(Reuters) - Former world number one Luke Donald, hunting his first tournament victory since late 2013, ground out a two-under 69 in tough conditions to take a one-shot lead after the RBC Heritage third round in South Carolina on Saturday.
While the entire field endured their share of struggles contending with slick greens and blustery winds at the Harbour Town course on Hilton Head Island, Donald kept errors to a minimum as he edged ahead of a tightly bunched leaderboard.
The Englishman, three times a runner-up at this event, mixed four birdies with two bogeys to post a seven-under total of 206, ending the round a stroke in front of Americans Charley Hoffman (71) and long-hitting Jason Kokrak (68).

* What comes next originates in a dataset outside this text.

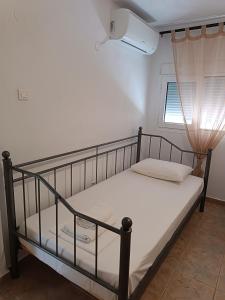 A bed or beds in a room at Evi's home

Australian world number one Jason Day, joint leader overnight with Hoffman and fellow American Kevin Chappell, tumbled down the leaderboard with an eight-over 79 as he appeared to succumb to fatigue in his eighth event of the year.
Donald, who has not tasted victory since the 2013 Dunlop Phoenix in Japan, was delighted to keep a relatively clean scorecard at gusty Harbour Town as the greens firmed up in the afternoon sunshine.

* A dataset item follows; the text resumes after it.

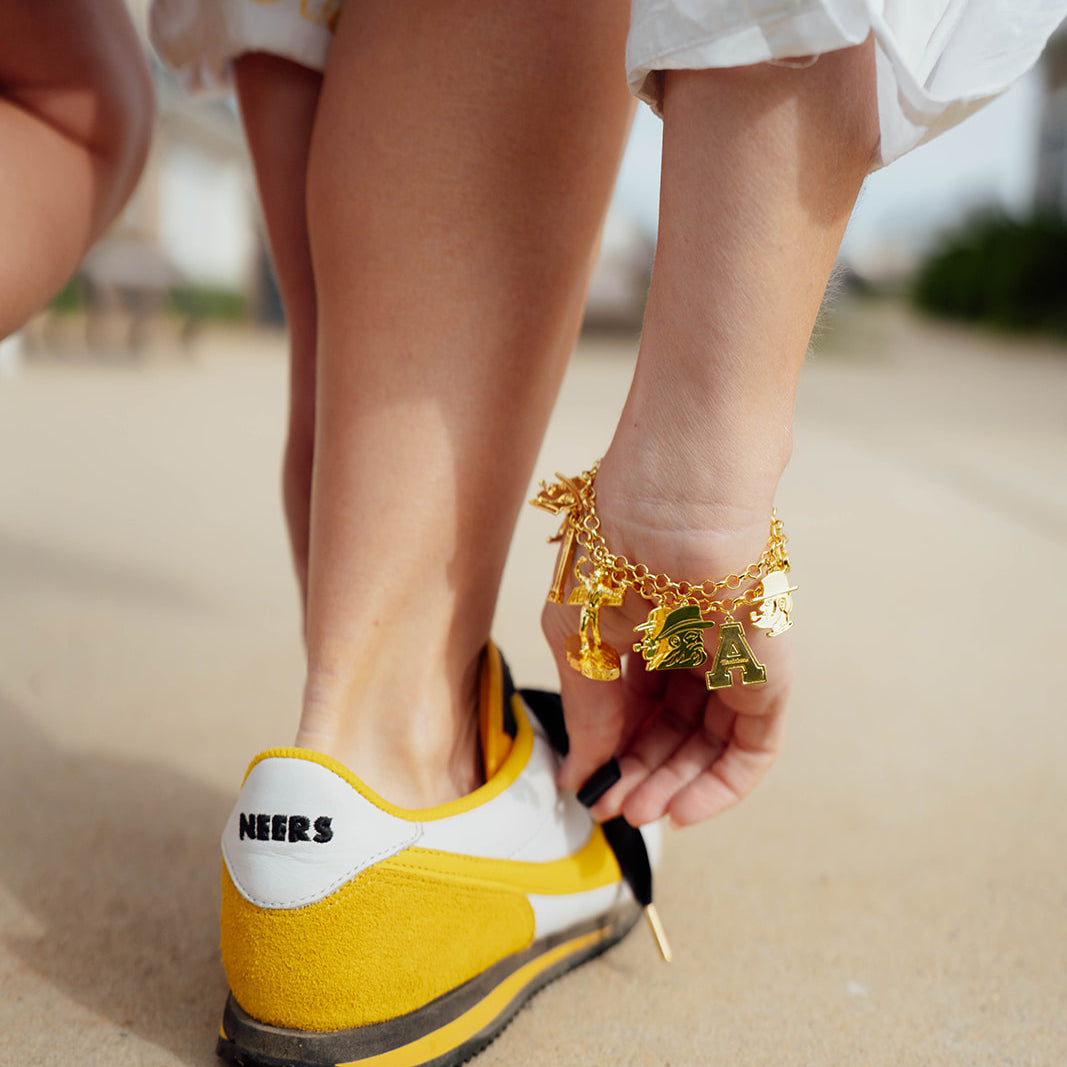 Person wearing a yellow shoe with 'Neers' branding on a sandy surface.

“It’s probably one of the toughest days I have had out here, condition-wise,” Donald told Golf Channel after saving par on the tough finishing hole with an exquisite chip from 25 yards to inside three feet.

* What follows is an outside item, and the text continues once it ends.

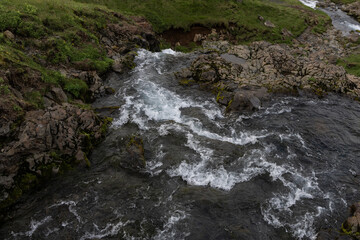 Canvas Print - creek water flowing between rocks.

“Coming down the last few holes, the greens were getting firmer and faster and there were a couple of really tough pin positions. It was tough to be aggressive and make a lot of birdies.
“A poor iron (approach) into 18 but, other than that, I felt like I hit a lot of good shots and I was very happy with that score,” said world number 95 Donald, who has not triumphed on the PGA Tour since the 2012 Transitions Championship.
Seven players held at least a share of the lead during a wildly fluctuating third round — Donald, Hoffman, Kokrak, Day, Chappell, Bryson DeChambeau and Russell Knox.
Hoffman, seeking a fourth PGA Tour victory, briefly stormed two ahead with a birdie-birdie start before he ended a topsy-turvy round with a bogey-bogey finish.
“I have been getting in my own way so hopefully I can just reach down deep. I know I’ve done it (win) before, so just try and do it again,” Hoffman said of his thoughts heading into Sunday’s final round.
Day, bidding for a seventh tournament win in just 14 starts, never got his round back on track after running up a double-bogey at the par-four third where his tee shot found water.
“I knew something was up when my ball hit a tree and bounced 80 yards right into the hazard,” said Day. “From there, I just got a couple of bad breaks.
“It’s really tough to fight back after that ... just got to try and improve tomorrow and see how it goes.”